* [What needs to be done]
Copying rule for the data below: pictures stay out, and only the lines from the one with "Tank Assembly For" down to the one with "Elegante Typografie Gold", inclusive, are repeated exactly.

* [Extracted entries]
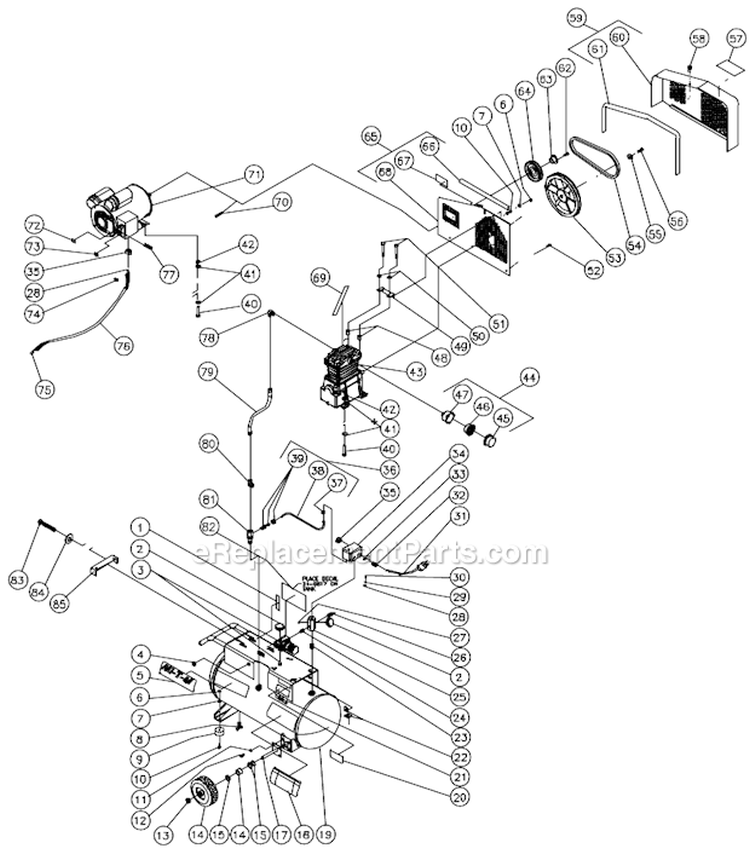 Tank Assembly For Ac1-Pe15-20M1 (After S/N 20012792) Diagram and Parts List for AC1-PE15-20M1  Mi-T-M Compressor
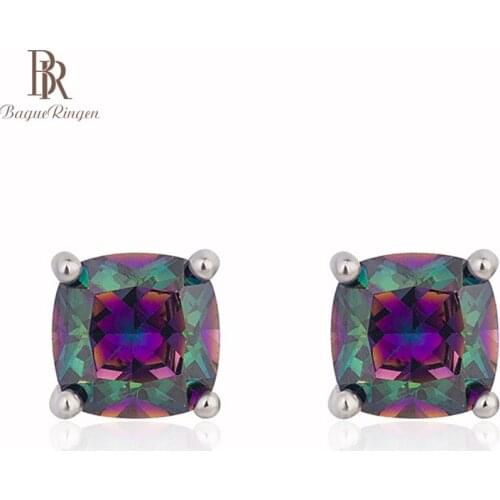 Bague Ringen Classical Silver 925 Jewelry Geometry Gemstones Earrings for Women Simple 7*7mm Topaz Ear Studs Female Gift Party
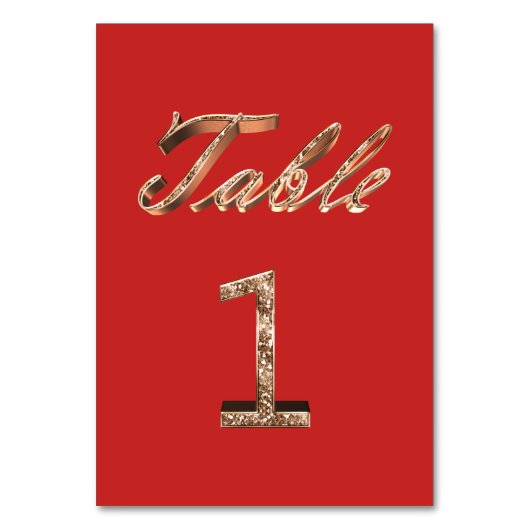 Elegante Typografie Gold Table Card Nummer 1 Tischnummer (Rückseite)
...
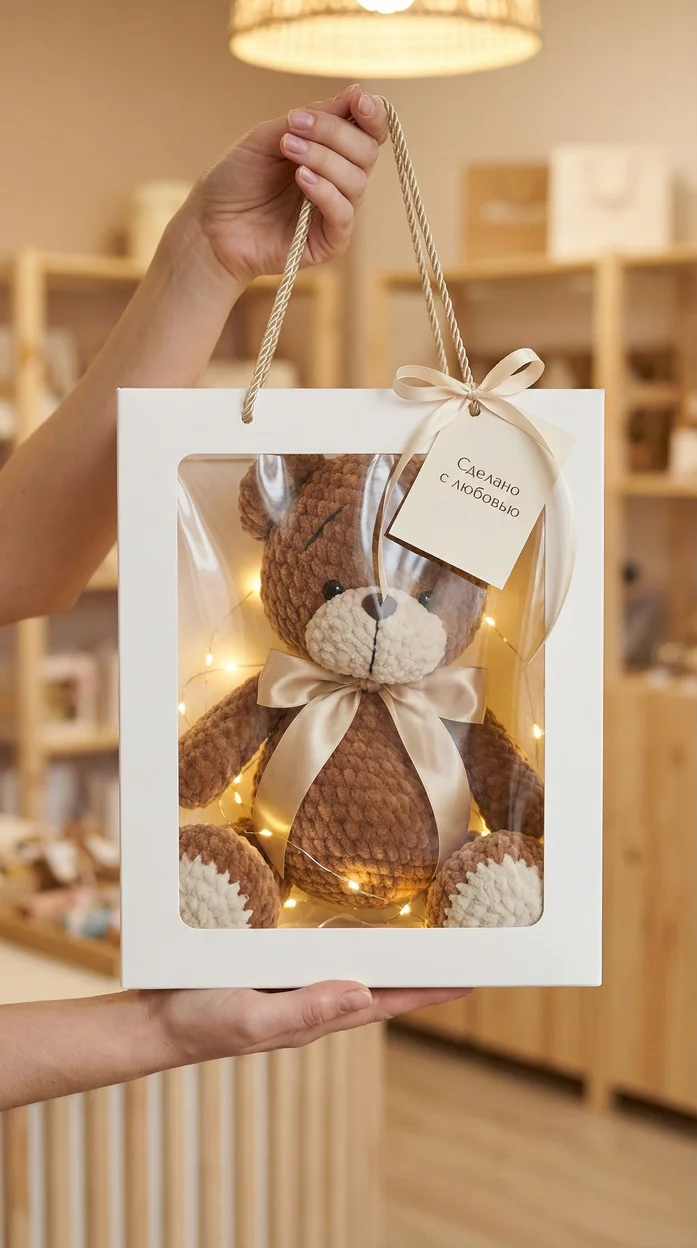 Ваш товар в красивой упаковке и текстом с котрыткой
...
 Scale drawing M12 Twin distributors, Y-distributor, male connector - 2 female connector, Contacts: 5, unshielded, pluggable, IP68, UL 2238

* [Result of this exercise]
 Tank Assembly For Ac1-Pe15-20M1 (After S/N 20012792) Diagram and Parts List for AC1-PE15-20M1  Mi-T-M Compressor
 Bague Ringen Classical Silver 925 Jewelry Geometry Gemstones Earrings for Women Simple 7*7mm Topaz Ear Studs Female Gift Party
 Elegante Typografie Gold Table Card Nummer 1 Tischnummer (Rückseite)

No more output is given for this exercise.